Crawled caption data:
********************

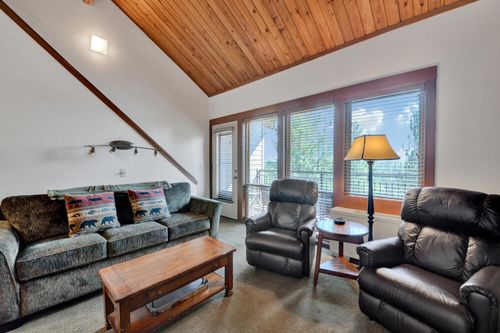 933-18575 Sw Century Drive Drive, Bend, OR, 97702 | Card Image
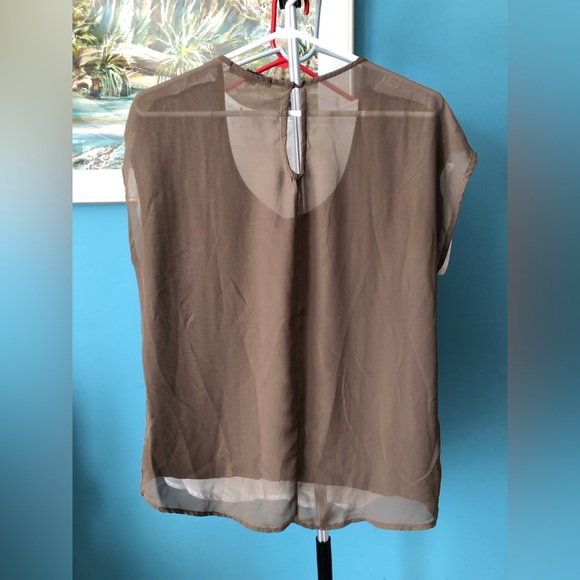 Top - Picture 2 of 2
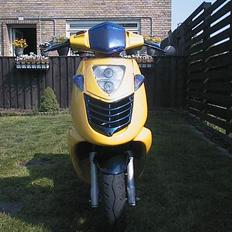 Aprilia Sonic GP (Solgt)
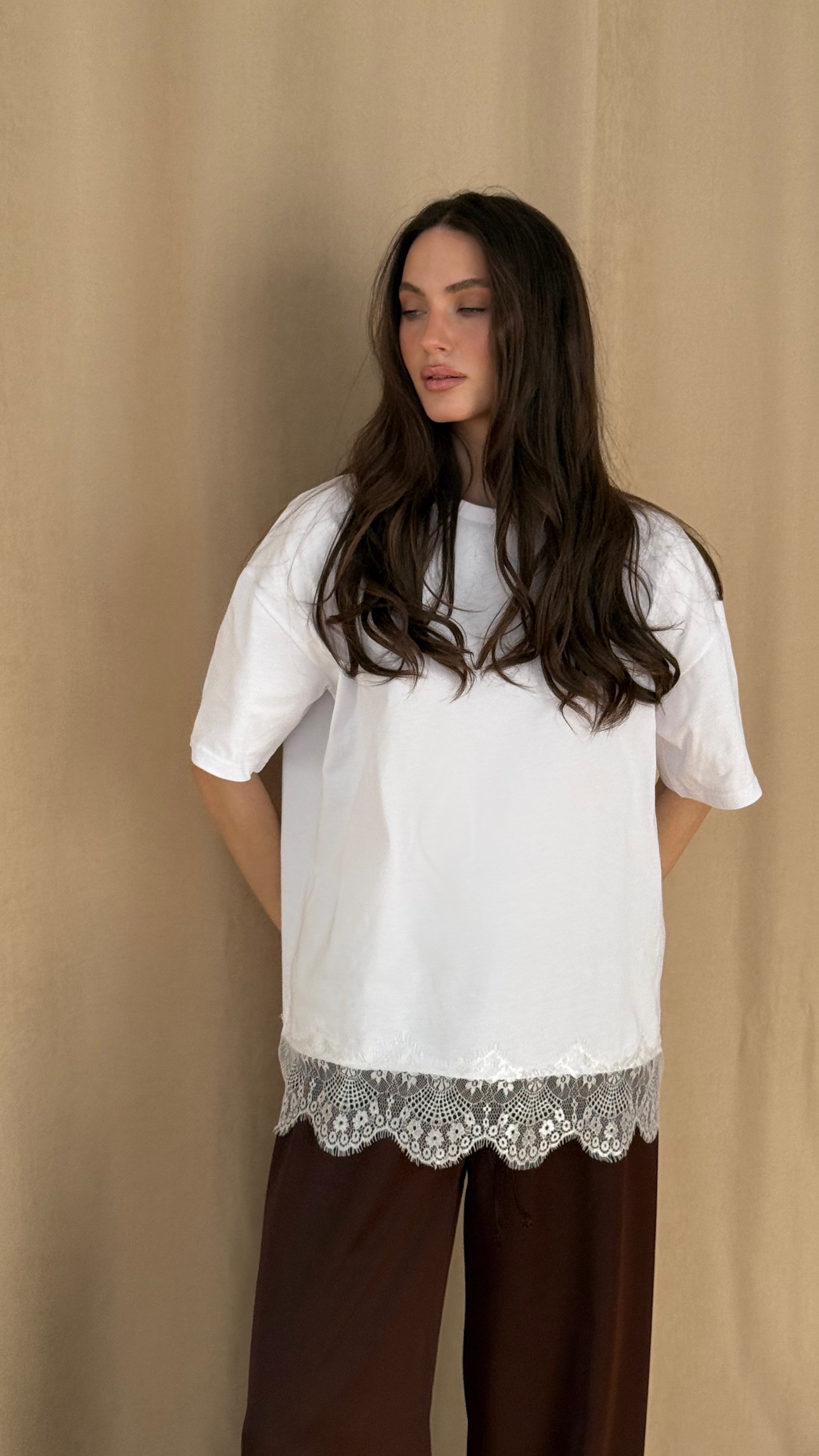 Футболка біла з мереживом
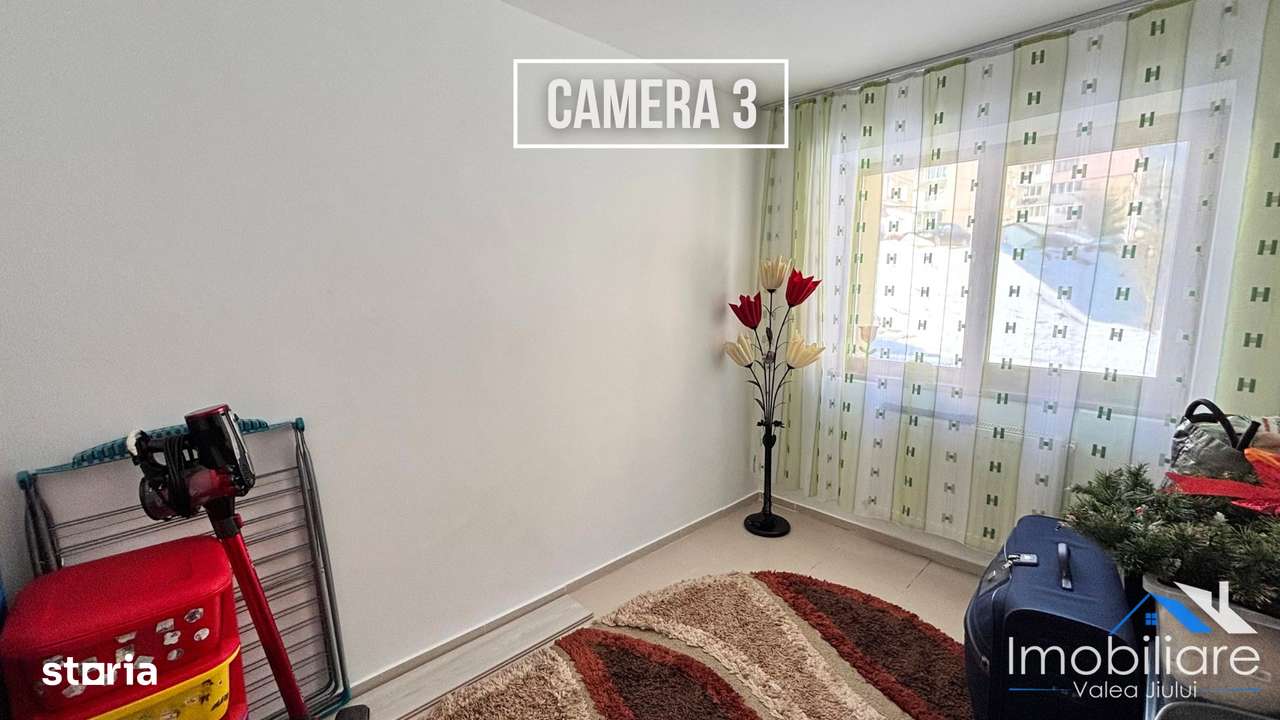 Apartament 3 camere decomandate de vanzare – Petrila, Str. 8 Martie-7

********************

- WHAT IS BEING ASKED -
Transcribe every entry above exactly as it stands, but skip the images.

- REPLY TO THE TASK -
 933-18575 Sw Century Drive Drive, Bend, OR, 97702 | Card Image
 Top - Picture 2 of 2
 Aprilia Sonic GP (Solgt)
 Футболка біла з мереживом
 Apartament 3 camere decomandate de vanzare – Petrila, Str. 8 Martie-7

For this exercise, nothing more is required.